Hsu's Ph.D. Thesis (1/86, U of Ill @Urbana, "Highly Concurrent
Parallel Processing") also seems relevant here.

Gideon Yuval, gideony@microsof.UUCP, 206-882-8080 (fax:206-883-8101;TWX:160520)
                                             (TEMPORARY home 'phone: -883-8039)

mcg@mipon2.intel.com (05/30/89)

In article <19755@winchester.mips.COM> mash@mips.COM (John Mashey) writes:
>There have been a number of discussions on such issues of late.
>Here are a few useful papers, both from ASPLOS III (ACM SIGPLAN Notices,
>May 1989): [mention of Wall & Jouppi, and Smith, Johnson & Horowitz]
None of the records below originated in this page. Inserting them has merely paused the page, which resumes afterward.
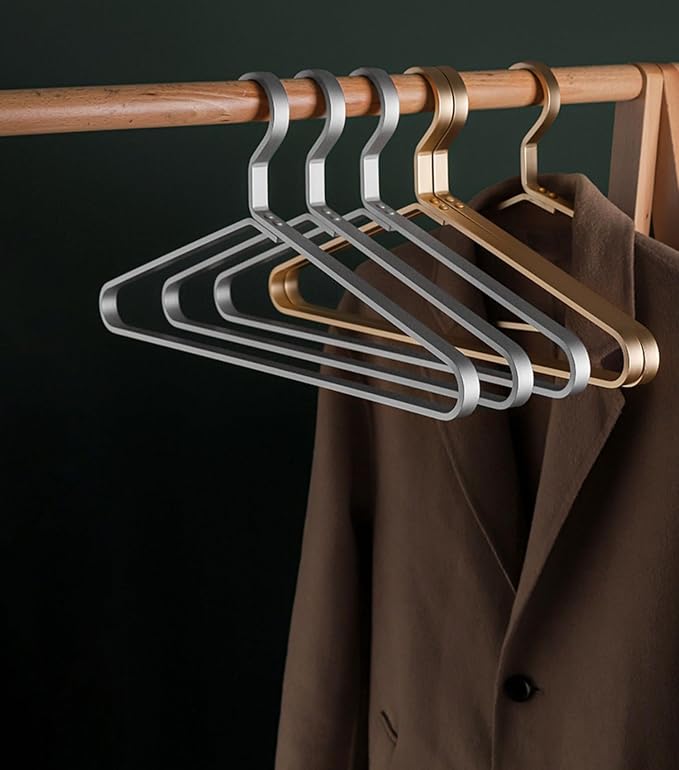 Premium Matte Silvery Aluminum Coat Hangers 6 Piece Set, 17.7” Extra Smooth & Durable Metal Shirt Dress Hanger,Aluminum Alloy Hanger,Clothing Support,Clothing Hang
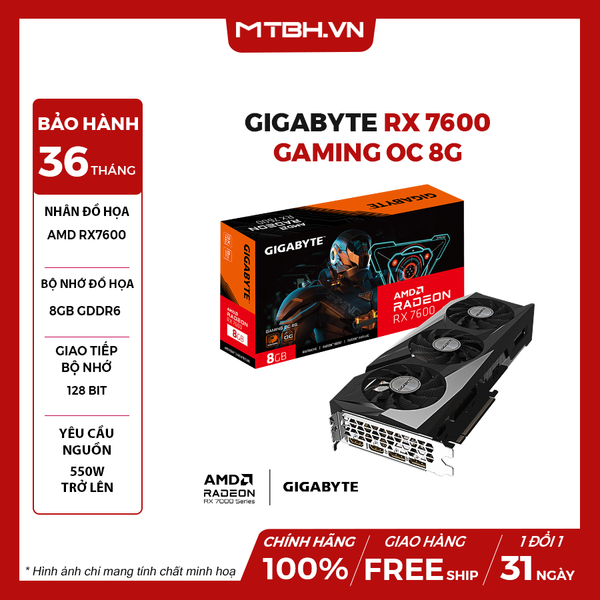 VGA Gigabyte RX 7600 GAMING OC 8G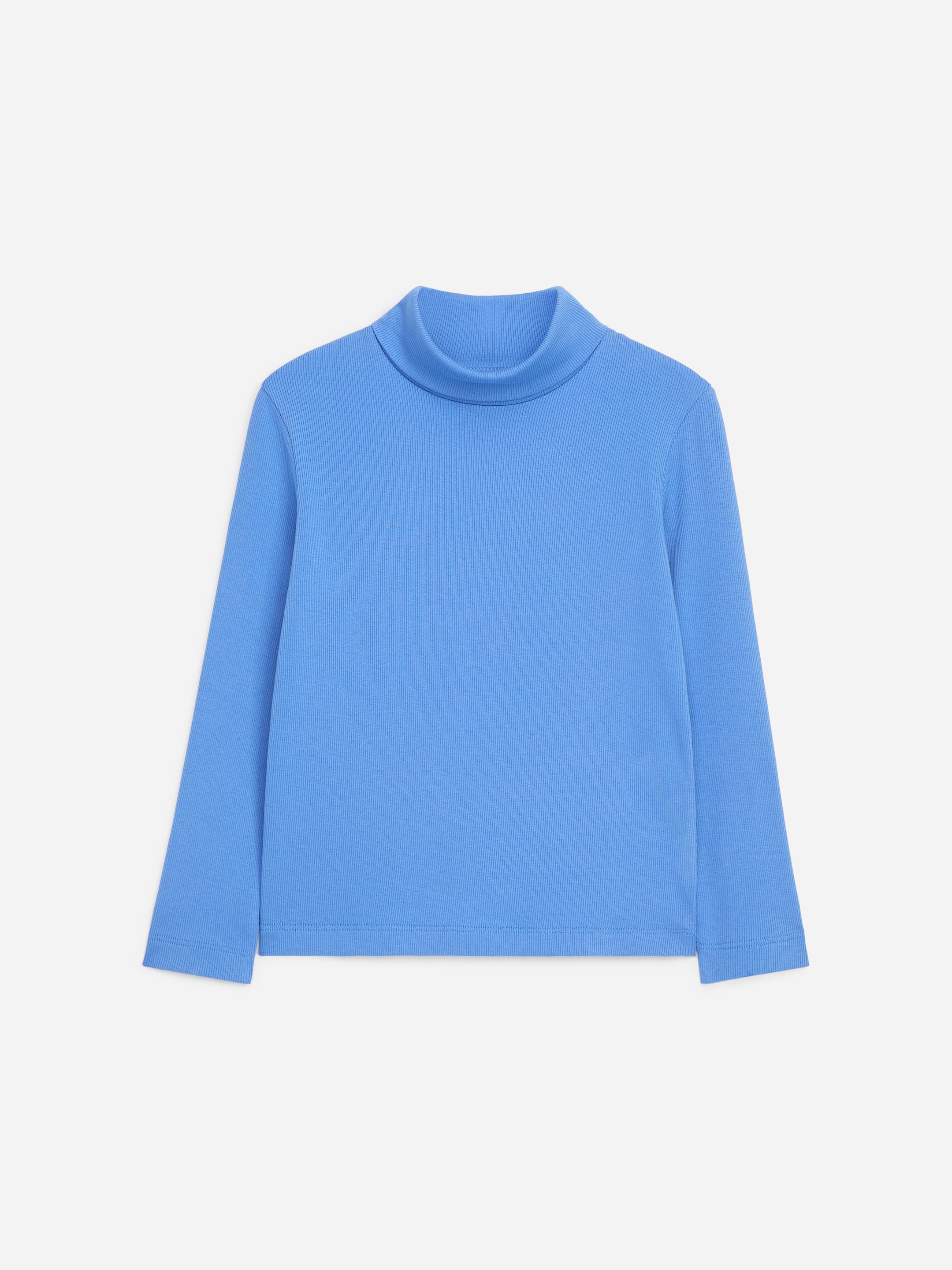 Ribbed Roll-Neck Top-Blue-21307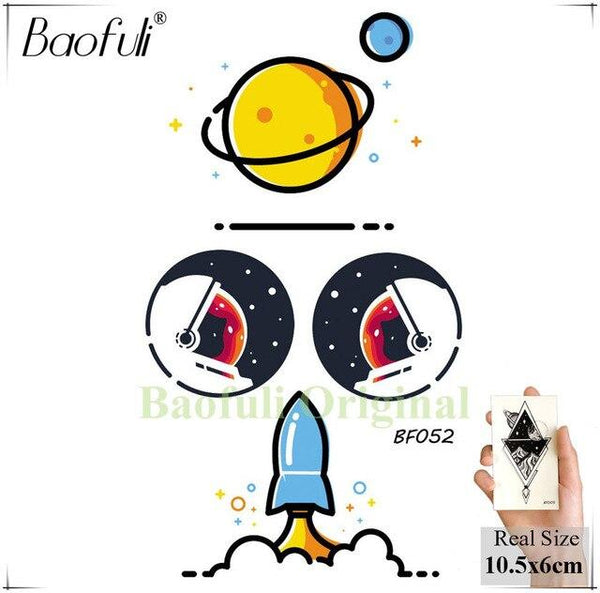 BAOFULI DIY Men Temporary Universe Cosmonaut Tattoo Black Waterproof Fake Tattoo Transferable Body Arm Astronaut Tatoos Stickers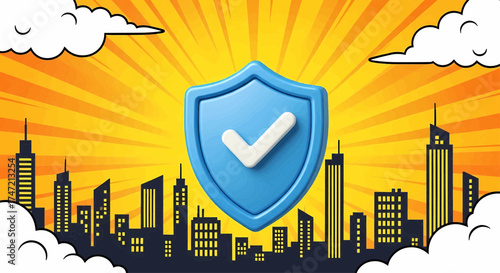 3d blue shield with checkmark for cyber security and data protection. Safe technology concept on pop art background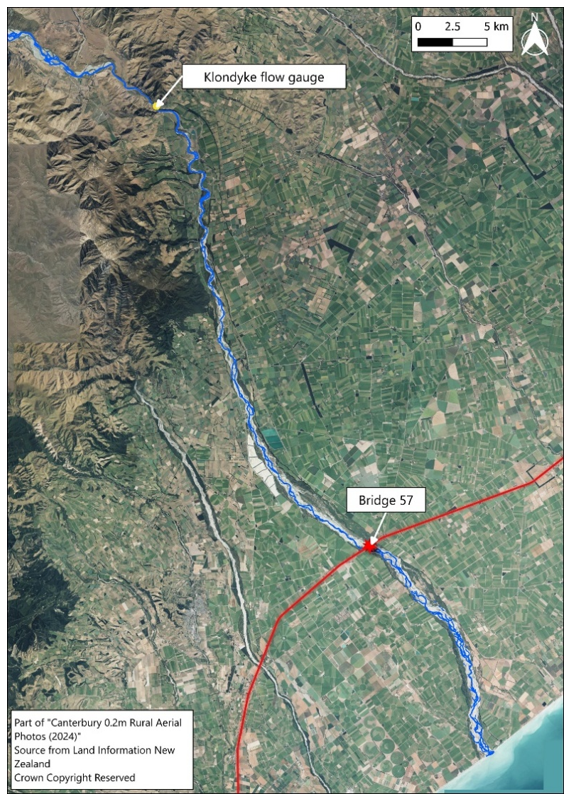Location of Rangitata river-flow gauge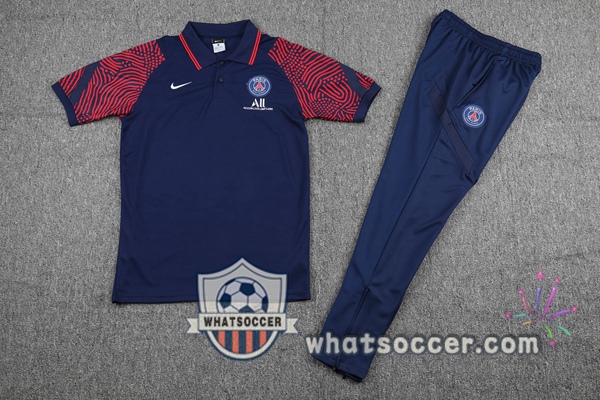 Training Polo Paris PSG + Pants Blue Royal 2021-2022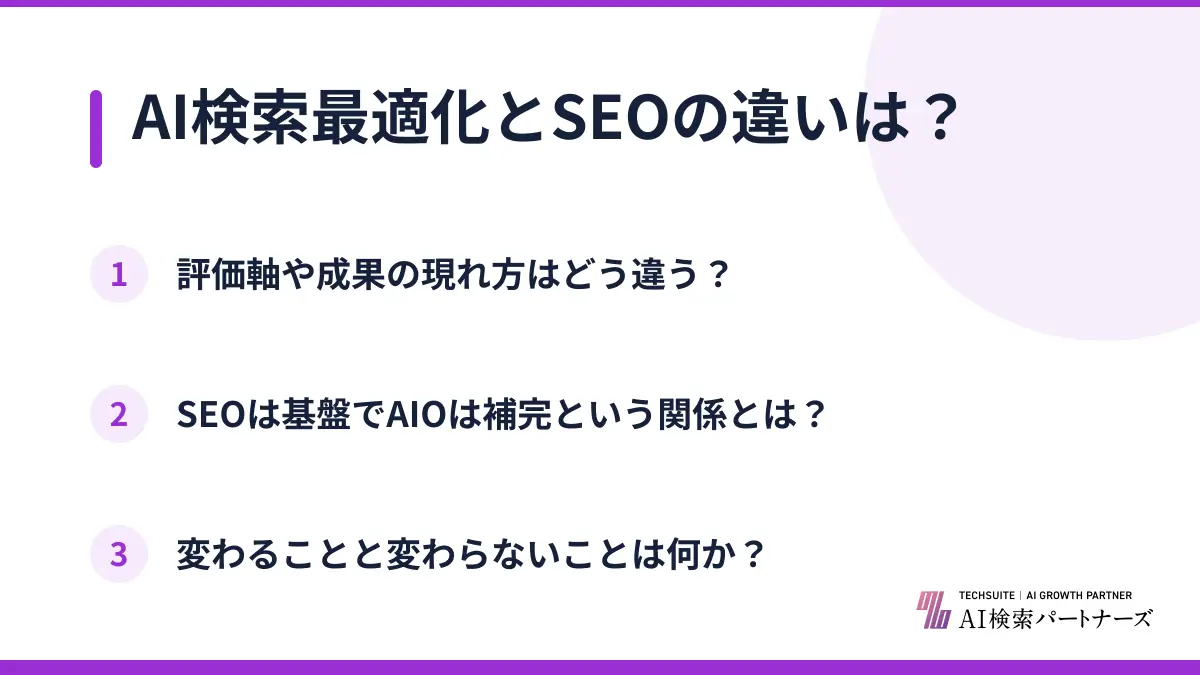 AI検索最適化とSEOの違いは?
Don't forget Glenn Hinton's Spring Compcon paper, which discusses the
microarchitecture and implementation strategy for Intel's next generation
960.  It is capable of dispatching instructions at a sustained rate of
2 instructions per clock (i.e. 0.5 cycles/instruction), and thus capable
of executing certain algorithms (matrix mul, bresenham, fft) from on-chip
instruction cache at a rate of 66 native MIPS.  The architecture can
dispatch up to three instructions in any cycle: one normal register-register
instruction, one memory instruction (load or store), and one branch.
The implementation includes static branch prediction, 8+ frames (of 16)
of cached registers, and a number of other features.

It is no accident that both papers mentioned by John Mashey conclude that
2-3 instructions/cycle is the practical limit for this generation of
superscalar processors.  Expect to see Intel announce the first true
superscalar microprocessor implementation sometime this year.

If you want to hear more about it, come to my talk at the "Hot Chips"
IEEE symposium at Stanford later in June.  I will be discussing the
architectural support in the 960 for superscalar implementations, as
well as the microarchitecture that implements these features.

S. McGeady
Intel Corp.